• DATASET EXCERPT
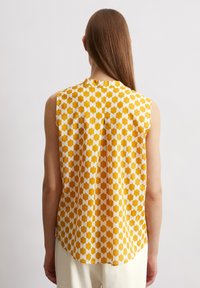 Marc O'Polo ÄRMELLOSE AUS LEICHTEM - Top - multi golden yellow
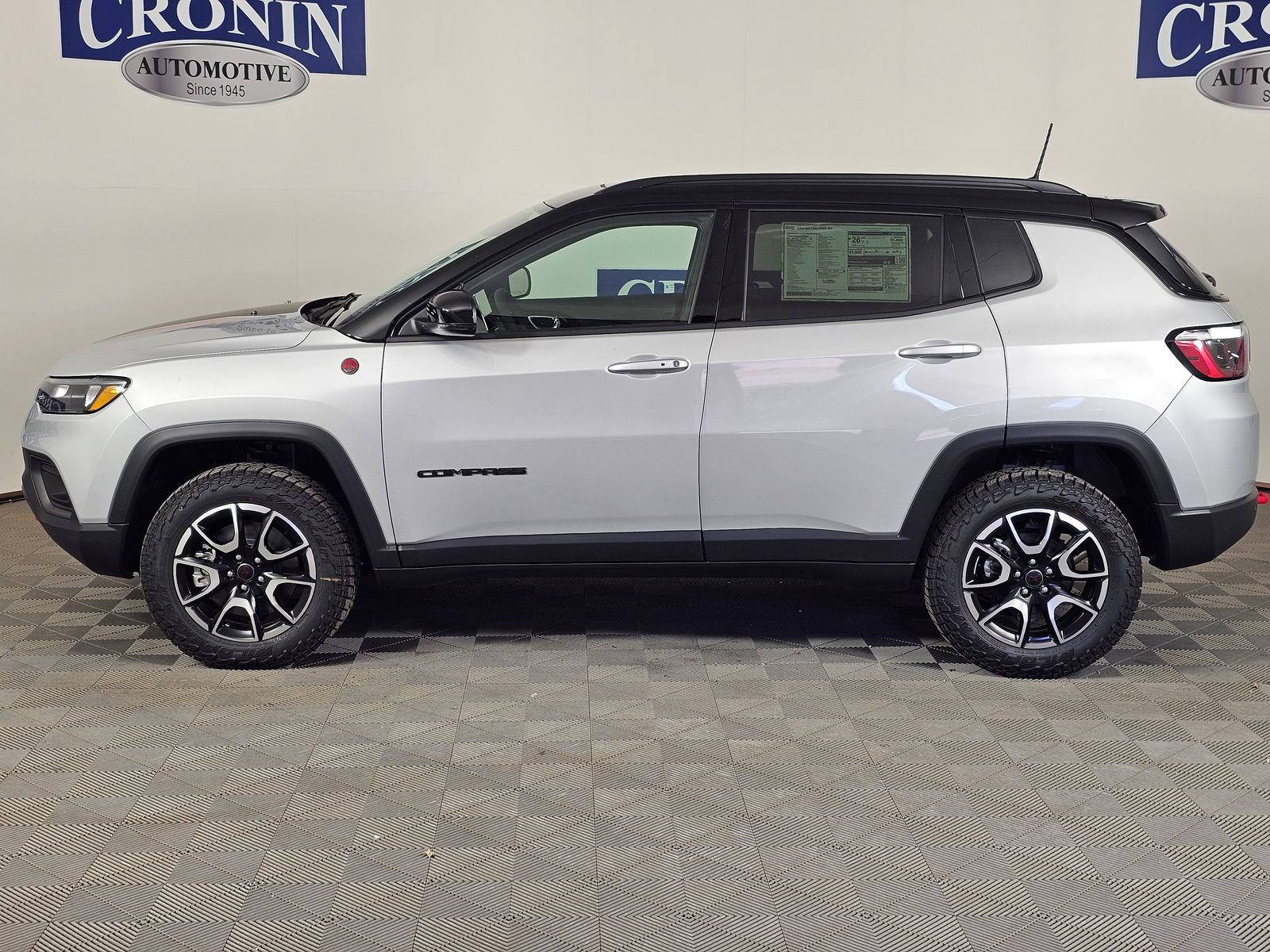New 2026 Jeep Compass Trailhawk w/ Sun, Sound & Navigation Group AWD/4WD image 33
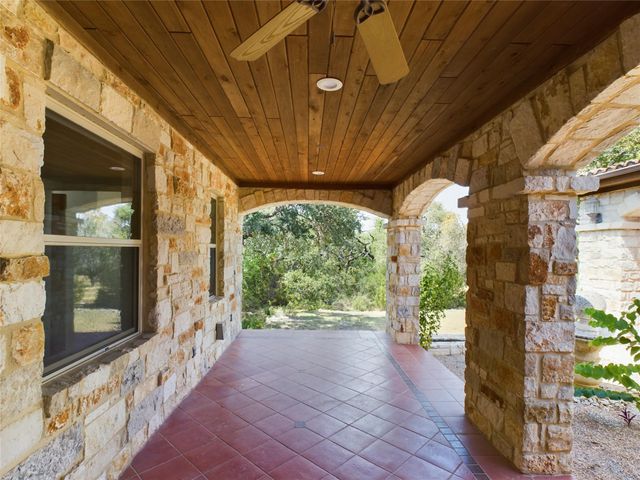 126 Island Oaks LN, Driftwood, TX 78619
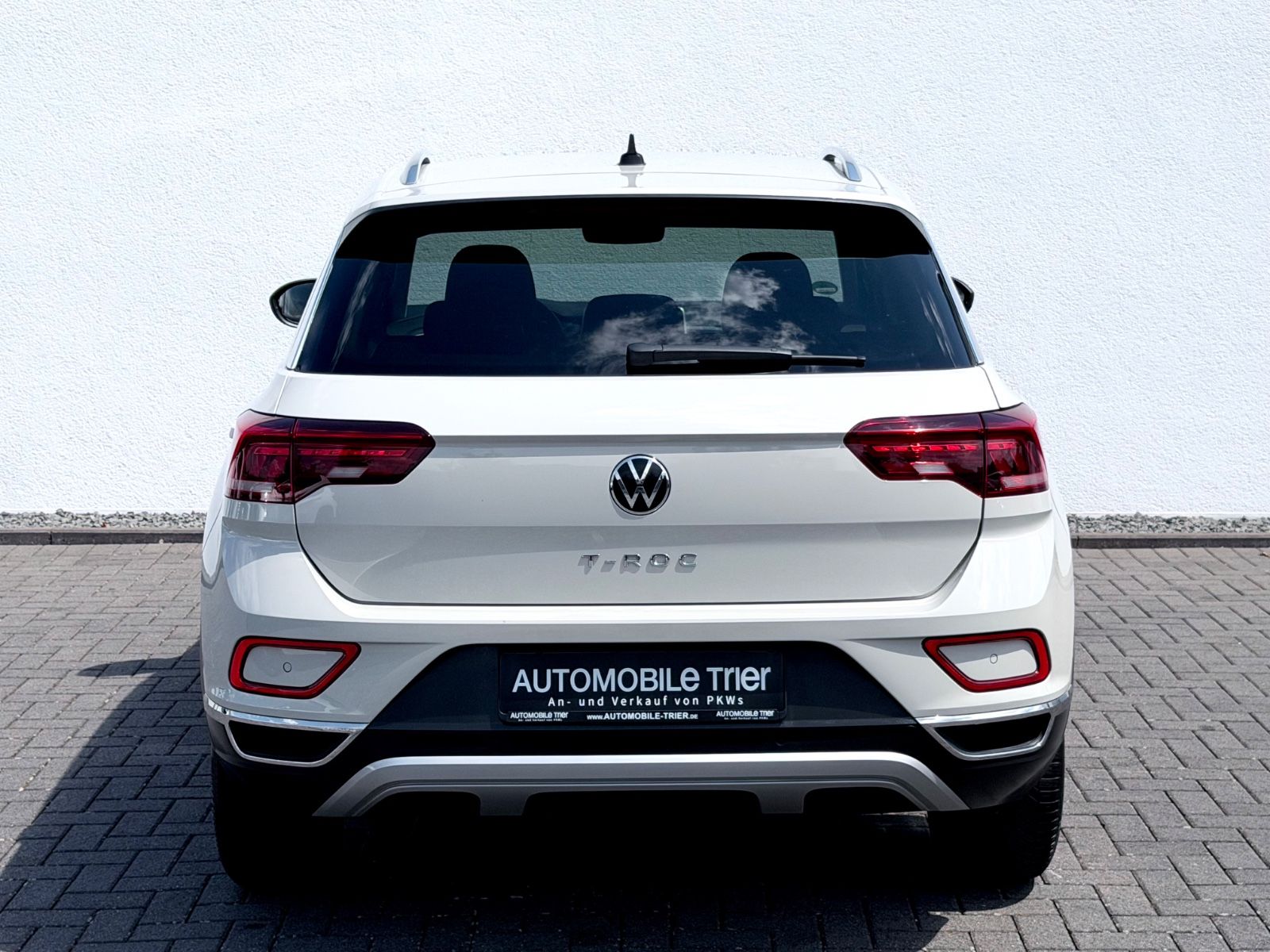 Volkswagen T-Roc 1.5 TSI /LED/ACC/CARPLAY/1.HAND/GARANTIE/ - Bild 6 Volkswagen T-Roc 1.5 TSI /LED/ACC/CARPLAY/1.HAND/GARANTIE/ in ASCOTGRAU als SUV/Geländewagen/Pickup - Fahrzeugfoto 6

• EXERCISE DESCRIPTION
Set down all the material exactly once more. No pictures.

• OUTPUT FOR THIS EXERCISE
 Marc O'Polo ÄRMELLOSE AUS LEICHTEM - Top - multi golden yellow
New 2026 Jeep Compass Trailhawk w/ Sun, Sound & Navigation Group AWD/4WD image 33
 126 Island Oaks LN, Driftwood, TX 78619
 Volkswagen T-Roc 1.5 TSI /LED/ACC/CARPLAY/1.HAND/GARANTIE/ - Bild 6 Volkswagen T-Roc 1.5 TSI /LED/ACC/CARPLAY/1.HAND/GARANTIE/ in ASCOTGRAU als SUV/Geländewagen/Pickup - Fahrzeugfoto 6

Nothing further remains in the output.